Not long ago my wife and I were riding in our car, and she was driving. She asked if I could get a pill bottle out of her purse, so I opened the bottle and poured some pills into my hand. Noting there were three different forms of pain relievers I asked if she preferred one over the other. Her reply, “Just give me two of the same kind.” Handing her the pills, I commented, “Sorry you have a headache. But thank goodness for all those people working at drug companies developing medicines to treat it with.” And then I began reflecting on how lucky we are, and how we as a society likely take for granted the many medications that improve our lives daily. With that in mind, let’s look a little deeper at the pills I ended up handing my spouse.

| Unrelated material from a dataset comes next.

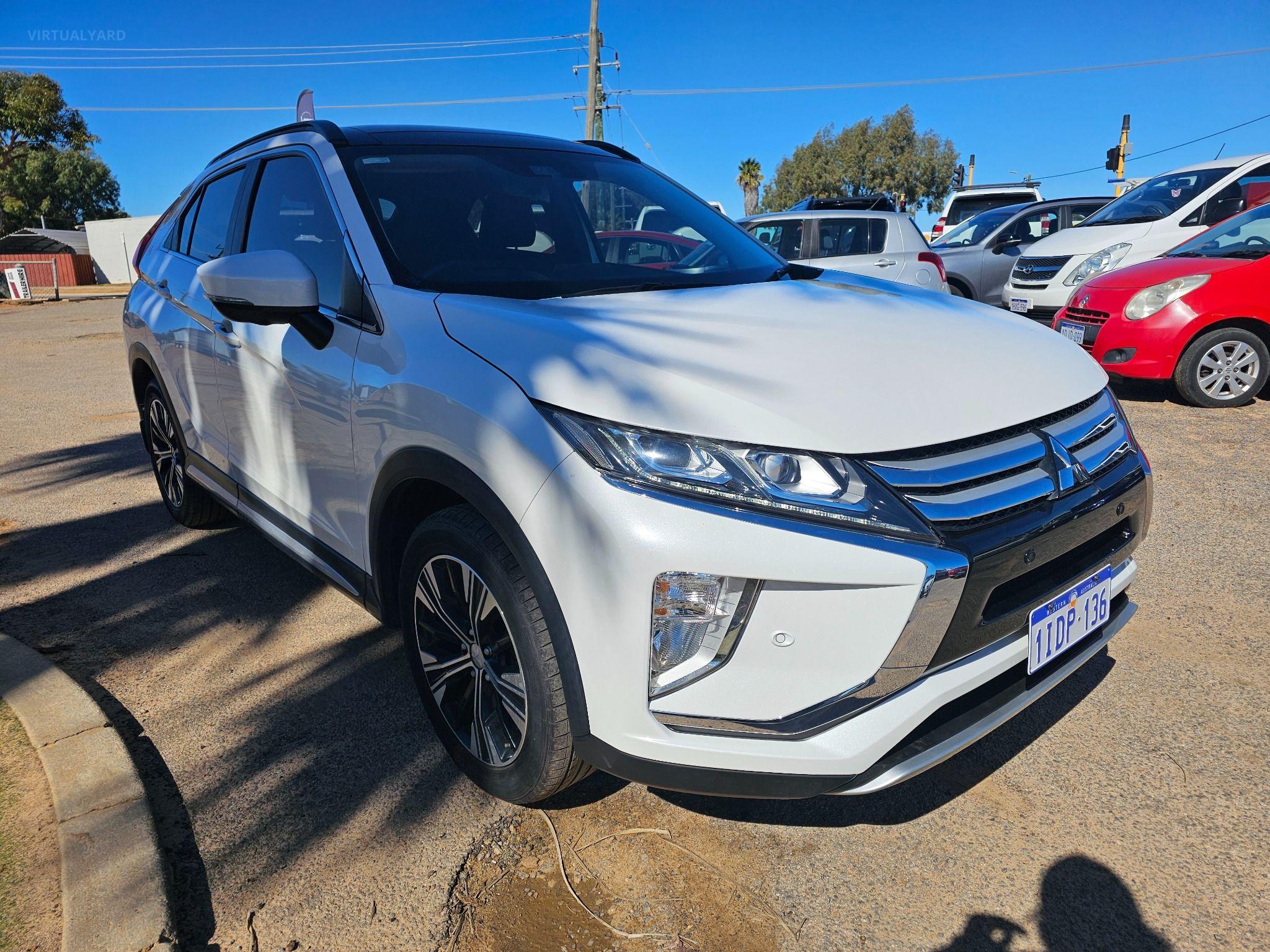 MITSUBISHI ECLIPSE CROSS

Ibuprofen is a discovery resulting from research begun in the 1950s to find a safer alternative to aspirin. We can thank British pharmacist Stewart Adams, Ph.D., for developing ibuprofen as the first nonsteroidal anti-inflammatory drug (NSAID), filing a patent for it in 1961. It became available (by prescription only) in 1969 and 1974 in the United Kingdom and the United States, respectively, and eventually gained over-the-counter status in the U.K. (1983) and the U.S. (1984). Today, it is listed on the WHO’s List of Essential Medicines and has a wholesale cost of about five cents per dose. Hundreds of millions of people have taken this analgesic, and I can’t help but wonder how many have ever reflected on its inventor, who passed away this past January at the age of 95. Adams spent his entire 54-year career at Boots, a 170-year-old health and beauty retailer and pharmacy chain with more than 2,400 stores. Not only did he never make a penny from what he developed, but he also used to joke that he actually lost money as his employer never reimbursed him the promised £1 patent filing fee! He was involved in 10 years of drug trials, and according to his employer, Adams and his small team tested 20,000 candidate compounds prior to launch. This means that he and his team essentially failed at ibuprofen some 19,999 times.

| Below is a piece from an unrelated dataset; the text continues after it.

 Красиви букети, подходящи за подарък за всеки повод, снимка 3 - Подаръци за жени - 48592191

If you work in biopharma, then you know failure comes with the territory. Back in March we heard of yet another failure in Alzheimer’s disease drug development, as Biogen and Eisai announced the halting of two Phase 3 clinical trials of aducanumab. The decision was driven by a futility analysis that indicated the drug was not going to prove effective, and the choice not to proceed cost Biogen roughly $18 billion in lost market value. Yet less than one week later, Eisai and Biogen announced the initiation of a Phase 3 trial for the anti-amyloid beta protofibril antibody BAN2401 for use in patients with early Alzheimer’s disease. While some have abandoned Alzheimer’s research, Biogen and others thankfully persist.

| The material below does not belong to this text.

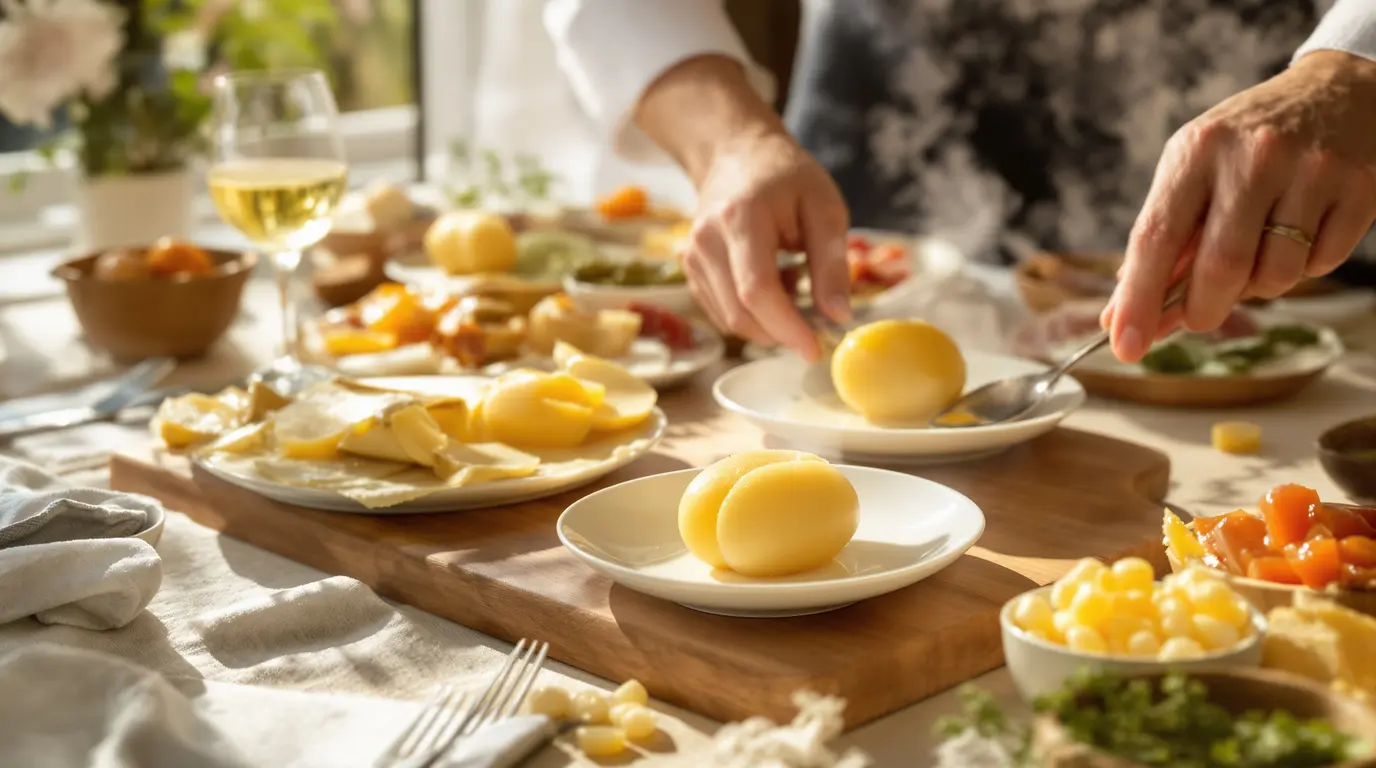 Accueil Combien de pommes de terre par personne pour une raclette ?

For this month’s cover feature I interviewed Richard Pops, chairman and CEO of Alkermes. He, too, has experienced failure, and so I asked if he ever feared losing his job as a result. Pops replied that he prefers spending energy on what’s happening next rather than wallowing on failures of the past. Thank goodness for people like Adams and Pops and companies like Biogen and Eisai that don’t fear failure. Because treatments for Alzheimer’s, cancers, and even headaches don’t (and won’t) come about by wishing.